When my children were teenagers, we took into our home and family two Cuban children. It was needed and it was the right thing to do. We gained as much from the experience as they did. But would I do that today? I don’t know. I am now “spoiled” with my many blessings of comforts, kindness, love and security that surround me. My son and daughter are supportive, and attentive. In fact, I call my daughter, “my Jewish mother.” Dear friends (some have been close for over 50 years) have added to my pleasant existence, and I am grateful for these blessings. 

But I am also troubled by President Trump’s decisions that are destroying our democracy and his determination to eliminate diversity in our America.

Two generations ago when my grandparents came to America from Poland, poor as can be, they were nonetheless welcomed. If they were immigrants from Mexico at that time, they would have been accepted in the same manner.

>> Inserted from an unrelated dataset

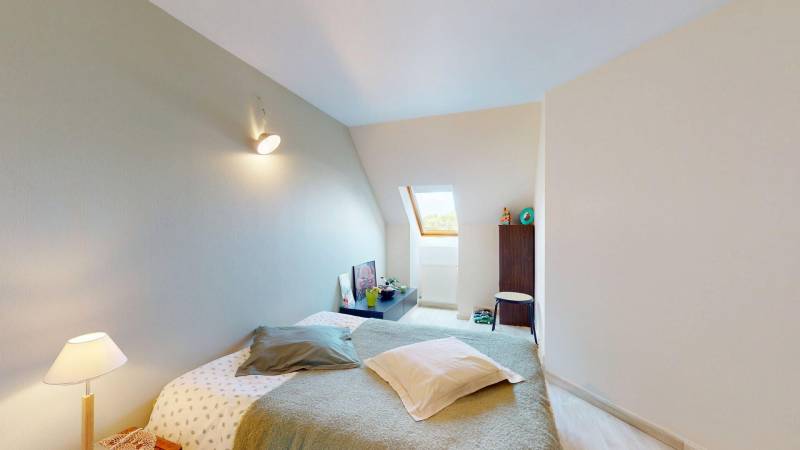 Appartement T5 à vendre – Évreux Saint-Michel – 105 m², 4 chambres, 2 parkings, ascenseur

The radical contrast to Trump’s “no tolerance” treatment of South and Central American immigrants today, is shocking. Imagine, separating children from these asylum-seeking families and subjecting them to prison, living as though they are criminals; how can this be happening in our nation?

As I count my personal blessings, I realize I must continue pestering our senators and protest against Trump’s Hitlerian actions. We want all those in America to have the freedom for the pursuit of happiness. Will you join me?

Harriet Hausman is a River Forest resident and a longtime member of the ACLU.